Anyone who has ever attempted to upgrade a cloud platform, be it from Microsoft, OpenStack, or VMware, will readily attest that doing so in a live production environment is not for the faint of heart. No Cloud Admin wants to suffer through a failed upgrade that causes a production cloud to be degraded, unavailable, or at risk of losing data. But too many admins have spent sleepless night restoring or even having to rebuild a platform where the upgrade went completely wrong.
That’s why new Platform9 customers are often genuinely and happily surprised by our painless, zero-touch OpenStack upgrade, as detailed in previous posts here and here. It’s certainly one of the value propositions we deliver as a Cloud Management-as-a-Service provider that gets people’s attention. So how can we at Platform9 deliver something that seems still so difficult for so many providers and software vendors? Time to look under the hood of Platform9 upgrades and to think cloud-native.

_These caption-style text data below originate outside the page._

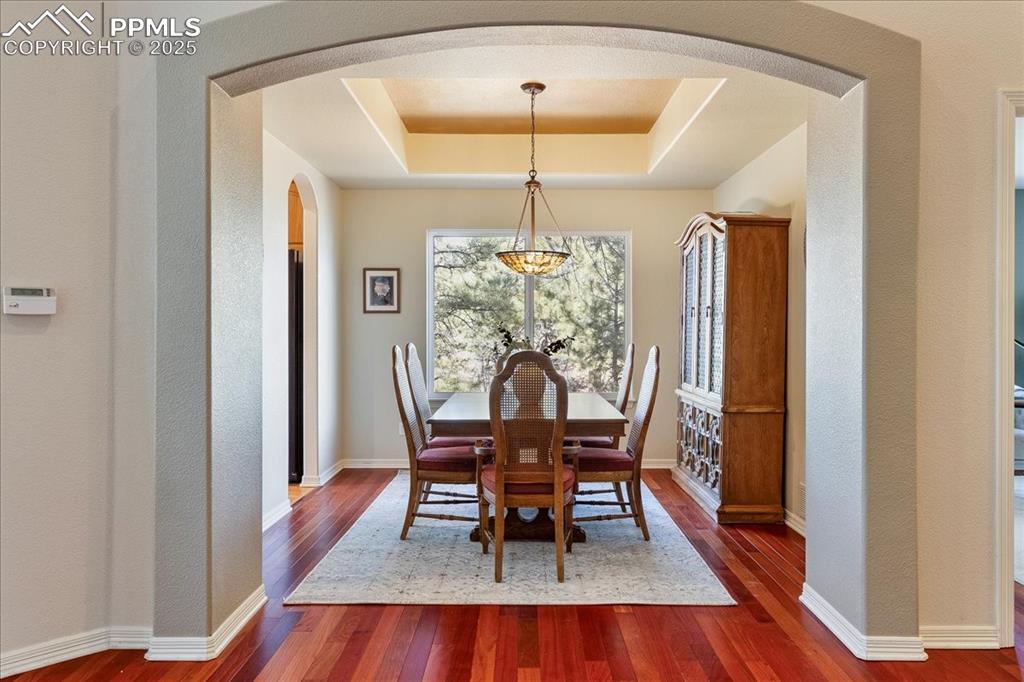 Image 11 of 46: Dining Area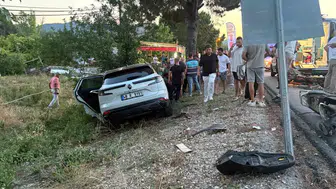 Marmaris yolunda motosikletli genç otomobilin altında kaldı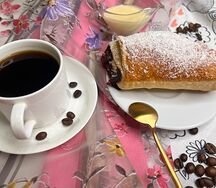 Штрудель с вишней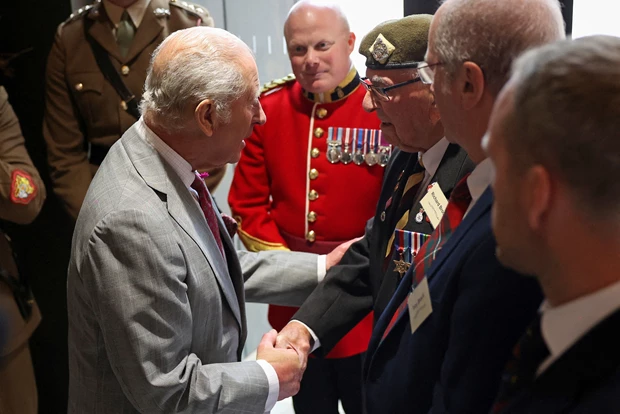 Ο βασιλιάς Κάρολος μοιράζεται απροσδόκητες συμβουλές υγείας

Why Do Painless Upgrades Matter?
Before delving into how we do an OpenStack upgrade at Platform9, let’s talk briefly about why customers do upgrades at all. Historically, users have upgraded their environments for a number of reasons including the following:
- Platform Stability – Over time, bugs and other problems may surface that requires patches to the code. The OpenStack project regularly introduce patches and hot fixes to the code base but most customers will choose to apply those patches only in specific intervals and often only after through testing in-house and/or by a partner/vendor.

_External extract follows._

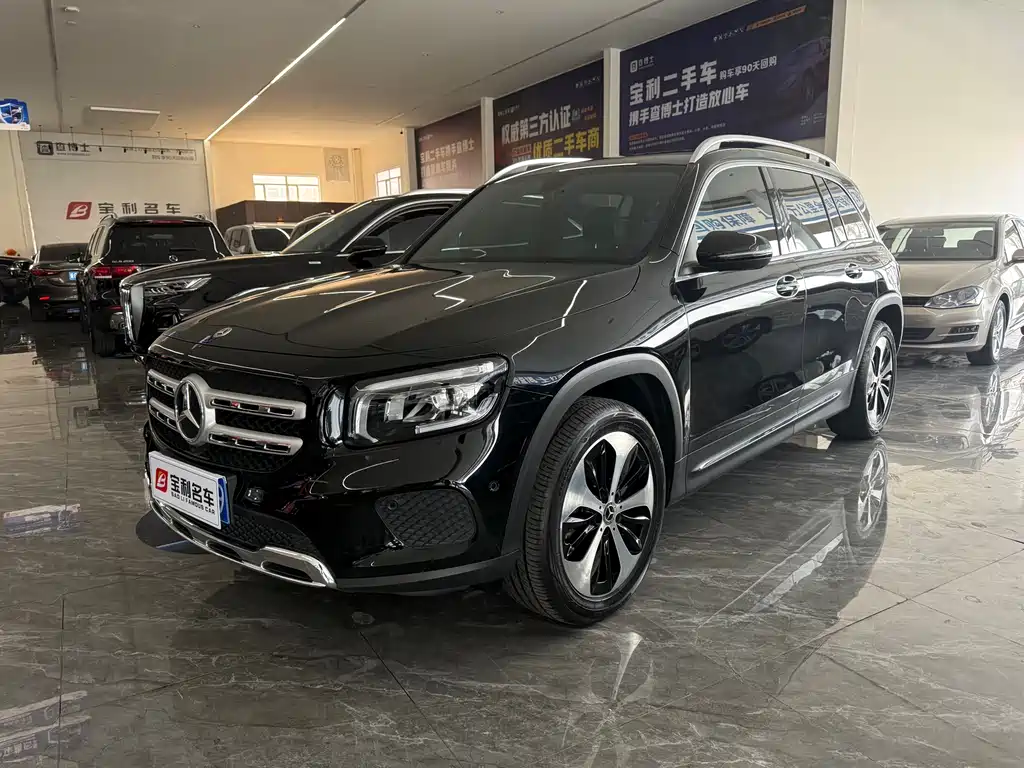 Mercedes-Benz GLB 2022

- New Capabilities – Often users will upgrade to gain new features and capabilities that they believe are necessary or desirable. For example, OpenStack adds new projects and new features to existing projects with each bi-annual release. Many of these are based on customer feedback on what they need in a production cloud platform.
- Ongoing Support – Most users choose to go with a vendor or service provider to support their environment instead of relying on self-support. This requires users to be at a certain minimum level of code for them to receive support since a vendor or provider cannot support an infinite regression of code releases. It also means that the minimum level of code changes with each new release since support typically only extends back a certain number of releases.
Whatever the motive, all users can agree that they want upgrades to be simple and non-disruptive. The rule my team and I followed back in my sysadmin days, when it came to upgrades, was “Do no harm.” I still have nightmares about a particular storage firmware upgrade that took a production system down for a weekend and 2 business days while we repaired the system and restored all data.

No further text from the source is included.